VOC흡착 및 산화분해 특성을 갖는 광촉매종이의 제조 및 특성 평가

  • Yoo, Yoon-Jong (Functional Materials Research Center, Korea Institute of Energy Research) ;
  • Kim, Hong-Soo (Functional Materials Research Center, Korea Institute of Energy Research) ;
  • Jeon, Sang-Ho (Department of Materials Engineering, Chungbuk National University) ;
  • Jang, Gun-Eik (Department of Materials Engineering, Chungbuk National University)
  • 유윤종 (한국에너지 기술연구원 기능소재 연구센터) ;
  • 김흥수 (한국에너지 기술연구원 기능소재 연구센터) ;
  • 전상호 (충북대학교 재료공학과) ;
  • 장건익 (충북대학교 재료공학과)
  • Published : 2005.01.01

Abstract

Highly durable photocatalytic paper containing anatase $TiO_{2}$, active carbon and ceramic fiber, which can adsorb VOCs and decompose them by photo oxidation simultaneously, was manufactured and characterized.
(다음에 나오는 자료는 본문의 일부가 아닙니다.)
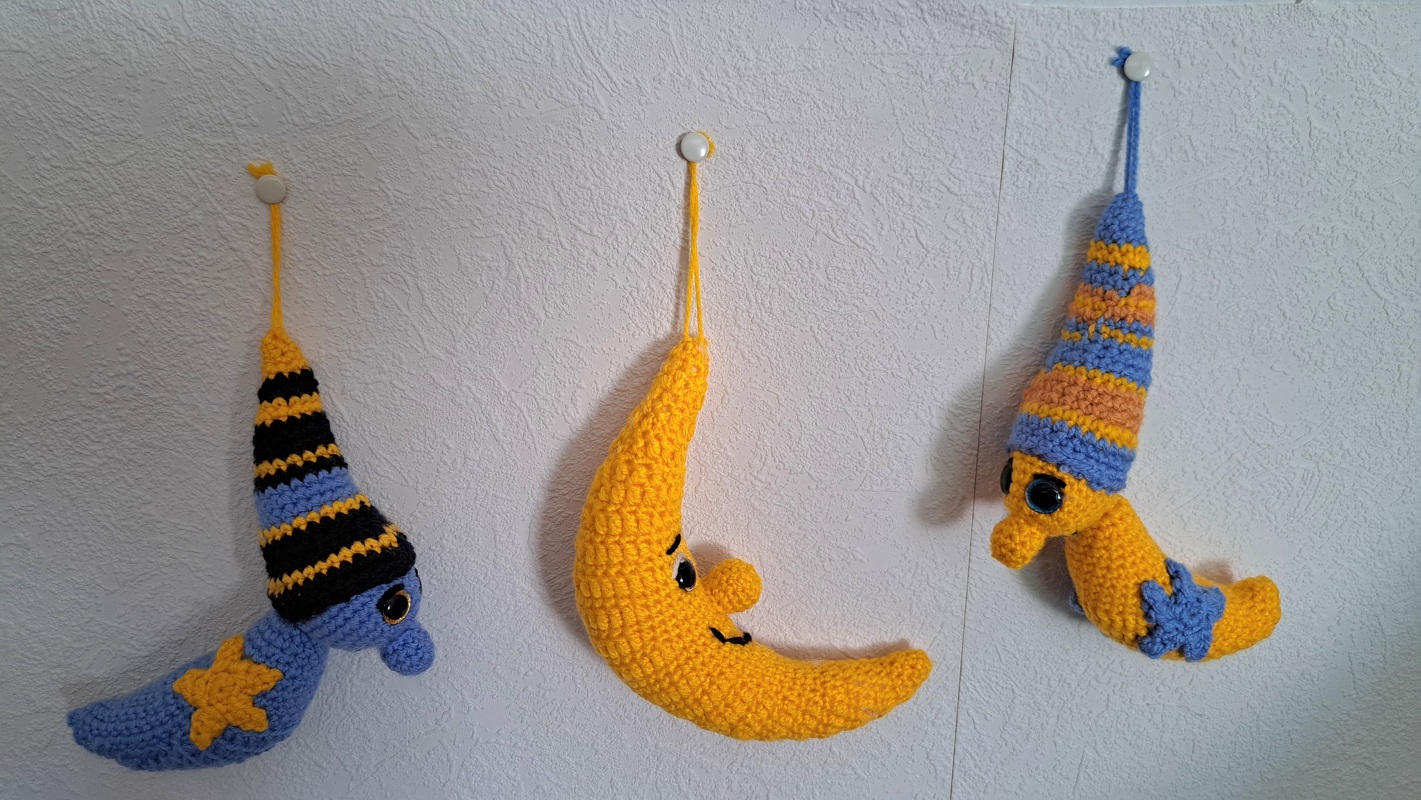 Häkelanleitung - Mond - Greiflinge - Schlafmützchen - SET RäuberNacht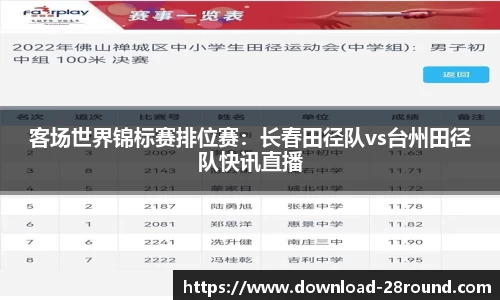 客场世界锦标赛排位赛：长春田径队vs台州田径队快讯直播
Optimum concentration of PDADMAC to let $TiO_{2}$ adhere on the surfaces of active carbon and ceramic fiber selectively was $10\~15$ ppm in a slurry mixture for making photocatalytic paper. The thickness and basis weight of the produced catalytic paper by paper-making method were 0.4 mm and 380 $g/m^{2}$, respectively. Adsorption reaction by active carbon and photocatalytic decomposition reaction by $TiO_{2}$ were proceeded simultaneously, by which the abatement rate was found to be greatly enhanced compared to the similar environment with single adsorption reaction or single photocatalytic reaction only. The selective attachment of $TiO_{2}$ on ceramic fiber and active carbon was found to be very effective in preventing decomposition of substrate by the $TiO_{2}$ attack during exposure to UV light.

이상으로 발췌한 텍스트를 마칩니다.